13.10.             Entire Agreement, Etc .   The Loan Documents and any other documents executed in connection herewith or therewith express the entire understanding of the parties with respect to the transactions contemplated hereby. Neither this Loan Agreement nor any term hereof may be changed, waived, discharged or terminated, except as provided in §13.12.
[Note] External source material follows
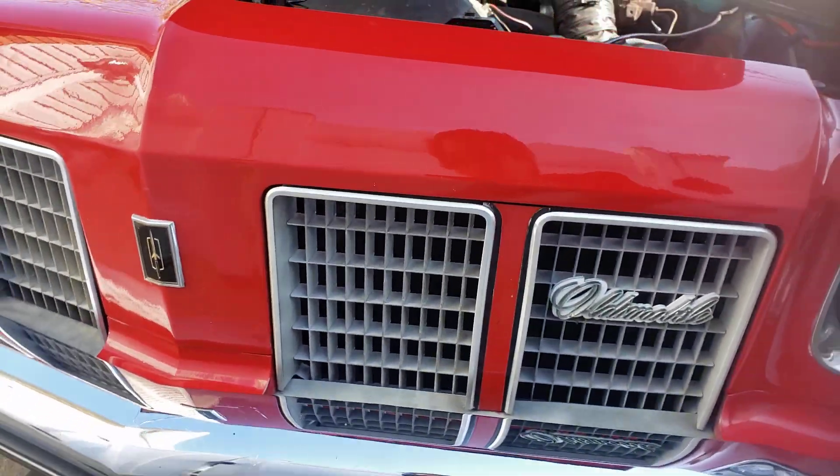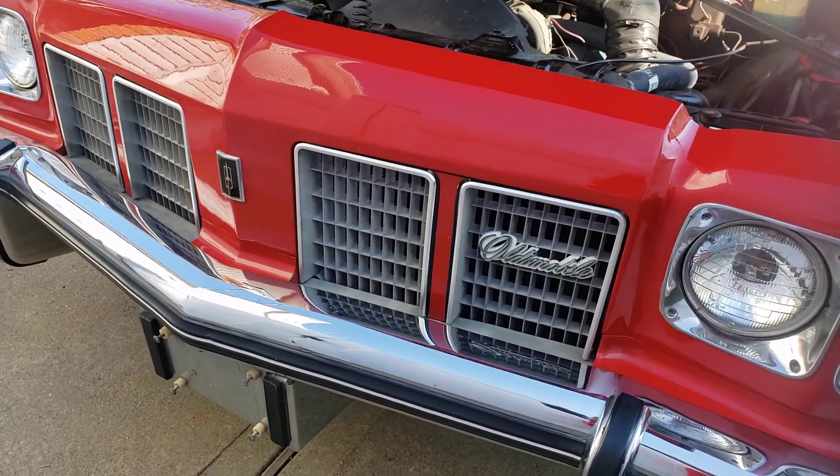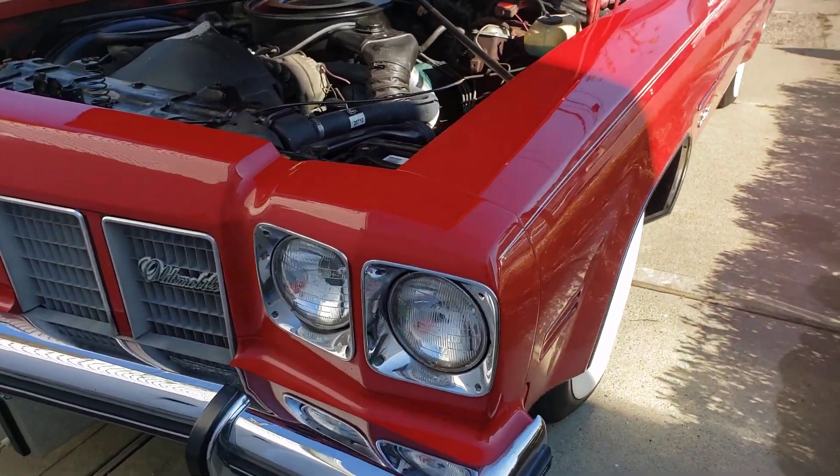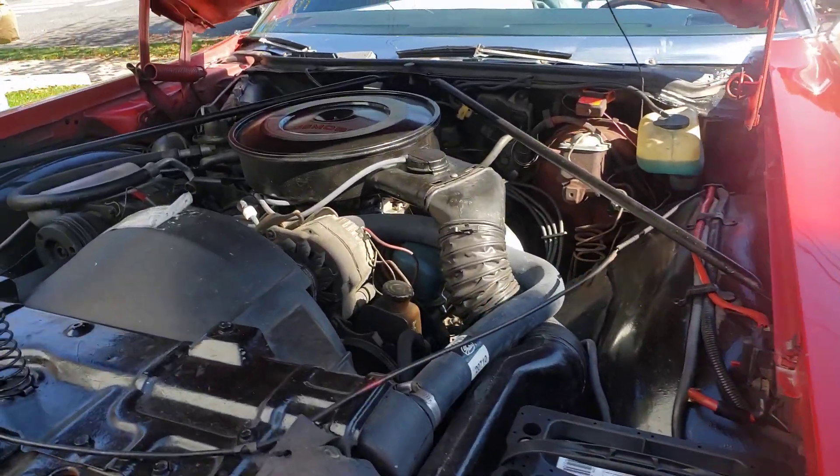Hey folks, want to check out a nice car? 1975 Delta 88 convertible. Guess what it has — a GM corporate motor in there, it's a Pontiac motor, it's a 400. That's right, it's not an Oldsmobile motor, it's a 400. Still has the A6 air conditioning, left it pretty much all stock. Got the wide whites.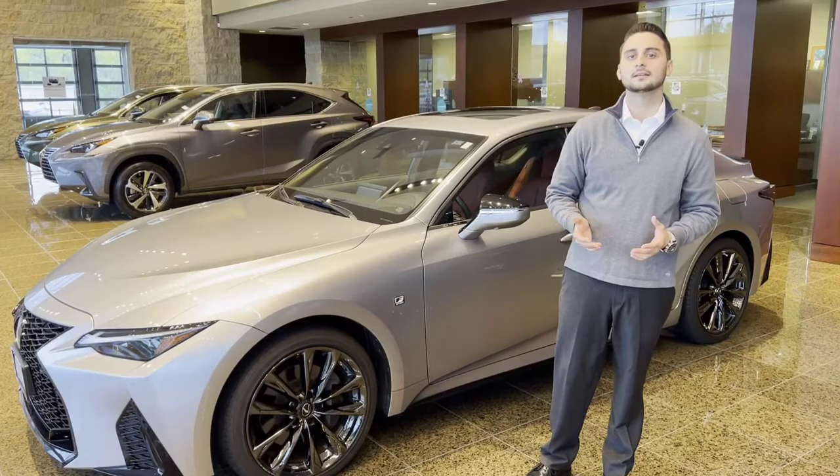Welcome to Mungenass Lexus St. Louis. My name is Brennan Laksanen and today we're going to talk about the Mark Levinson experience inside of our Lexus products.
13.11.             Waiver of Jury Trial .  EACH PARTY HERETO HEREBY WAIVES ITS RIGHT TO A JURY TRIAL WITH RESPECT TO ANY ACTION OR CLAIM ARISING OUT OF ANY DISPUTE IN CONNECTION WITH THIS LOAN AGREEMENT OR ANY OF THE OTHER LOAN DOCUMENTS, ANY RIGHTS OR OBLIGATIONS HEREUNDER OR THEREUNDER OR THE PERFORMANCE OF SUCH RIGHTS AND OBLIGATIONS OR ANY COURSE OF CONDUCT, COURSE OF DEALINGS, STATEMENTS (WHETHER VERBAL OR WRITTEN) OR ACTIONS OF ANY PARTY, INCLUDING ANY COURSE OF CONDUCT, COURSE OF DEALINGS, STATEMENTS OR ACTIONS OF THE LENDER RELATING TO THE ADMINISTRATION OF THE TERM LOAN OR ENFORCEMENT OF THE LOAN DOCUMENTS AND AGREES THAT IT WILL NOT SEEK TO CONSOLIDATE ANY SUCH ACTION WITH ANY OTHER ACTION IN WHICH A JURY TRIAL CANNOT BE OR HAS NOT BEEN WAIVED.  Except as prohibited by law, each party hereto hereby waives any right it may have to claim or recover in any litigation referred to in the preceding sentence any special, exemplary, punitive or consequential damages or any damages other than, or in addition to, actual damages.  Each party hereto (a) certifies that no representative, agent or attorney of any other party hereto has represented, expressly or otherwise, that such other party hereto would not, in the event of litigation, seek to enforce the foregoing waivers and (b) acknowledges that the other party hereto has been induced to enter into this Loan Agreement, the other Loan Documents to which it is a party by, among other things, the waivers and certifications contained herein.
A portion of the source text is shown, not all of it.